13. — Mais d’autres résultats viennent féconder cette révélation. Dieu, jugeant l’humanité mûre pour pénétrer le mystère de sa destinée et contempler de sang-froid de nouvelles merveilles, a permis que le voile qui séparait le monde visible du monde invisible fût levé. Le fait des manifestations n’a rien d’extrahumain ; c’est l’humanité spirituelle qui vient causer avec l’humanité corporelle et lui dire :
« Nous existons, donc le néant n’existe pas ; voilà ce que nous sommes, et voilà ce que vous serez ; l’avenir est à vous comme il est à nous. Vous marchiez dans les ténèbres, nous venons éclairer votre route et vous frayer la voie ; vous alliez au hasard, nous vous montrons le but. La vie terrestre était tout pour vous, parce que vous ne voyiez rien au delà ; nous venons vous dire, en vous montrant la vie spirituelle : La vie terrestre n’est rien. Votre vue s’arrêtait à la tombe, nous vous montrons au delà un horizon splendide. Vous ne saviez pas pourquoi vous souffrez sur la terre ; maintenant, dans la souffrance, vous voyez la justice de Dieu ; le bien était sans fruits apparents pour l’avenir, il aura désormais un but et sera une nécessité ; la fraternité n’était qu’une belle théorie, elle est maintenant assise sur une loi de la nature. Sous l’empire de la croyance que tout finit avec la vie, l’immensité est vide, l’égoïsme règne en maître parmi vous, et votre mot d’ordre est : « Chacun pour soi » ; avec la certitude de l’avenir, les espaces infinis se peuplent à l’infini, le vide et la solitude ne sont nulle part, la solidarité relie tous les êtres par delà et en deçà de la tombe ; c’est le règne de la charité, avec la devise : « Chacun pour tous et tous pour chacun. » Enfin, au terme de la vie vous disiez un éternel adieu à ceux qui vous sont chers, maintenant vous leur direz : « Au revoir ! »

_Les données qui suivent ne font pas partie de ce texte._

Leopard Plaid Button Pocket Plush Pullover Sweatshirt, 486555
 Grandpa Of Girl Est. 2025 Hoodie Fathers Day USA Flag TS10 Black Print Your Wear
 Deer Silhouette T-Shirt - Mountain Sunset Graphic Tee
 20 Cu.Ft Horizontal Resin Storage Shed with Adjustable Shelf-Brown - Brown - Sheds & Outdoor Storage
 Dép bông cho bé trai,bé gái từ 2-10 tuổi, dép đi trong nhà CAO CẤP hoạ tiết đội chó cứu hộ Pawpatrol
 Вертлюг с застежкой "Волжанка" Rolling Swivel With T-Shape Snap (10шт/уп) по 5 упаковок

Tels sont, en résumé, les résultats de la révélation nouvelle ; elle est venue combler le vide creusé par l’incrédulité, relever les courages abattus par le doute ou la perspective du néant, et donner à toute chose sa raison d’être. Ce résultat est-il donc sans importance, parce que les Esprits ne viennent pas résoudre les problèmes de la science, donner le savoir aux ignorants, et aux paresseux le moyen de s’enrichir sans peine ? Cependant les fruits que l’homme doit en retirer ne sont pas seulement pour la vie future ; il les cueillera sur la terre par la transformation que ces nouvelles croyances doivent nécessairement opérer sur son caractère, ses goûts, ses tendances et, par suite, sur les habitudes et les relations sociales. En mettant fin au règne de l’égoïsme, de l’orgueil et de l’incrédulité, elles préparent celui du bien, qui est le règne de Dieu.
La révélation a donc pour objet de mettre l’homme en possession de certaines vérités qu’il ne pourrait acquérir par lui-même, et cela en vue d’activer le progrès. Ces vérités se bornent en général à des principes fondamentaux destinés à le mettre sur la voie des recherches, et non à le conduire par la lisière ; ce sont des jalons qui lui montrent le but : à lui la tâche de les étudier et d’en déduire les applications ; loin de l’affranchir du travail, ce sont de nouveaux élément fournis à son activité.